How Healthy is Your Practice?

Unique survey will collect data to help measure the health and chart the future of veterinary practices

How long has it been (if ever) since you did a diagnostic of your practice? Do you have any benchmarks to measure how you’re faring in areas like continuous improvement, pet health outcomes, client retention, marketing, or practice growth?

LifeLearn is here to help.  We’re conducting a survey to collect data and knowledge in many of the areas that veterinary practices aren’t traditionally measuring as part of their day to day operations.

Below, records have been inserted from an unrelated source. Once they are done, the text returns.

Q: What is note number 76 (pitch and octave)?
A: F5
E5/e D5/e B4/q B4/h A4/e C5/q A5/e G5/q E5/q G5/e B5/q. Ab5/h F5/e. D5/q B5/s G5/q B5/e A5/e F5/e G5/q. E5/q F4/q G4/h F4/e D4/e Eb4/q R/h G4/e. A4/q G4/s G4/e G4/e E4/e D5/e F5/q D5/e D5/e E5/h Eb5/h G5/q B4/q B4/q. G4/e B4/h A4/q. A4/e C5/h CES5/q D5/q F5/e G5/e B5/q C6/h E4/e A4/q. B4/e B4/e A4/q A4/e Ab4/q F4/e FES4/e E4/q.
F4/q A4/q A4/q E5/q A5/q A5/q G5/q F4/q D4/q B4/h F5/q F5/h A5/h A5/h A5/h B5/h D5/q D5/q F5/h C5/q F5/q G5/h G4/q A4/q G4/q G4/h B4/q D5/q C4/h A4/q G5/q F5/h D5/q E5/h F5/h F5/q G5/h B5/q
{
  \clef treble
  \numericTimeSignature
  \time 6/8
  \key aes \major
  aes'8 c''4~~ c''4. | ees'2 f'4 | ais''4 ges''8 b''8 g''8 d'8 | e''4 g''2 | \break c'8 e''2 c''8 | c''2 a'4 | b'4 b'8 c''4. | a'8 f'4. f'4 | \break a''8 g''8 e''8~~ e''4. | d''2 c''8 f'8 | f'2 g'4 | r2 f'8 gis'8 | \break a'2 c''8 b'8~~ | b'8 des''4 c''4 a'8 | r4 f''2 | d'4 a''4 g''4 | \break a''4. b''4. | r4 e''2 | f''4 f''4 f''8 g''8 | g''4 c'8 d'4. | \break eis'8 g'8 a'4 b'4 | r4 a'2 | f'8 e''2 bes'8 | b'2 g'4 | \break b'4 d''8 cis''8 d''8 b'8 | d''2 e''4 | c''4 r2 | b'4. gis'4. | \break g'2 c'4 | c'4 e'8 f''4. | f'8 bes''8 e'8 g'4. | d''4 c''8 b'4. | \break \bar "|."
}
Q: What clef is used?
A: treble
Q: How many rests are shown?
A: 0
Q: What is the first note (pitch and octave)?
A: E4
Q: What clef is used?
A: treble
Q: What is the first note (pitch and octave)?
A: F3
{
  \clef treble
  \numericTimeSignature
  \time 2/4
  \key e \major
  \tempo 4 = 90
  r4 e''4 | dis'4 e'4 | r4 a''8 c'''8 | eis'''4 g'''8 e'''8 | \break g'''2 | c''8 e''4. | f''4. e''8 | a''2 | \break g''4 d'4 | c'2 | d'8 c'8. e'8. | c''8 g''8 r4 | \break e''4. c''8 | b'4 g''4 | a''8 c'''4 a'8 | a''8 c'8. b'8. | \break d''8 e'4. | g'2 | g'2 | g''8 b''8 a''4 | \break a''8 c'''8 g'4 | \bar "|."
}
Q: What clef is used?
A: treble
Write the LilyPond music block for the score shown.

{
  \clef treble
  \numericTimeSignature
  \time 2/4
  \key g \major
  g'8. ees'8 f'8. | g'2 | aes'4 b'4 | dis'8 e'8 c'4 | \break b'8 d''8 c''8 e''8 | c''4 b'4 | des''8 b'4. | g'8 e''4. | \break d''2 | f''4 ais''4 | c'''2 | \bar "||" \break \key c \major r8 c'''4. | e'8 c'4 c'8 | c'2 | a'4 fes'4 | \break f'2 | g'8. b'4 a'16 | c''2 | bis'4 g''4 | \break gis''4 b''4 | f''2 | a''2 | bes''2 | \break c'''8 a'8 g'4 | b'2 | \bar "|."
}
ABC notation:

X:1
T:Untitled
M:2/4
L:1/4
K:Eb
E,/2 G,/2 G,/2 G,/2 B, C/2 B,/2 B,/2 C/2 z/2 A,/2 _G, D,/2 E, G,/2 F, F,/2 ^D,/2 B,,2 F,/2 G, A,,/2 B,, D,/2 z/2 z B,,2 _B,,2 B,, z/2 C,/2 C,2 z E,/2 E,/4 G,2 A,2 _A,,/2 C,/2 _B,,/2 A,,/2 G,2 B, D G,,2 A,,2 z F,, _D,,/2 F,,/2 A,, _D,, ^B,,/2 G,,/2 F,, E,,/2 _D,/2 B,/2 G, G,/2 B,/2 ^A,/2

Randy Valpy, President and CEO, LifeLearn, said this will be a unique opportunity to look at both the pain points that different sized practices are experiencing as well as ways they have overcome some of the challenges being faced in a constantly changing industry.

“As far as we’re aware this kind of information isn’t available,” Valpy said. “We’ll be sharing these findings to help veterinary teams gain better understanding of how they measure up in areas like education, communication and business optimization.”

“Offshoots of this will look at the effectiveness of marketing, measures that improve client compliance, and ways that practices are addressing things like client retention and attraction,” he said.

Mark Stephenson, DVM, Chief Veterinary Officer, sees the survey as an opportunity to not only provide some critical benchmarks for the industry, but also to help LifeLearn respond with tools, supports and resources to advance in those areas where the evidence shows a need for improvement.  “This isn’t a thinly disguised effort to sell our products and services. LifeLearn is a knowledge organization that is 100 percent focused animal health. We expect our survey participants to learn as much as we will from our survey findings.”

You can do the short survey here, a more in-depth survey will be available after February 1st.

Aggregated data available in March

Results of the survey will be provided when they are available over the next several weeks. Participants in the longer survey will receive results specific to their practice. Stephenson said, “This will include seeing where your practice sits in the areas being measured, areas you can work on to improve your practice, as well as things you may be doing that are setting the standard in different areas of animal health and client satisfaction.”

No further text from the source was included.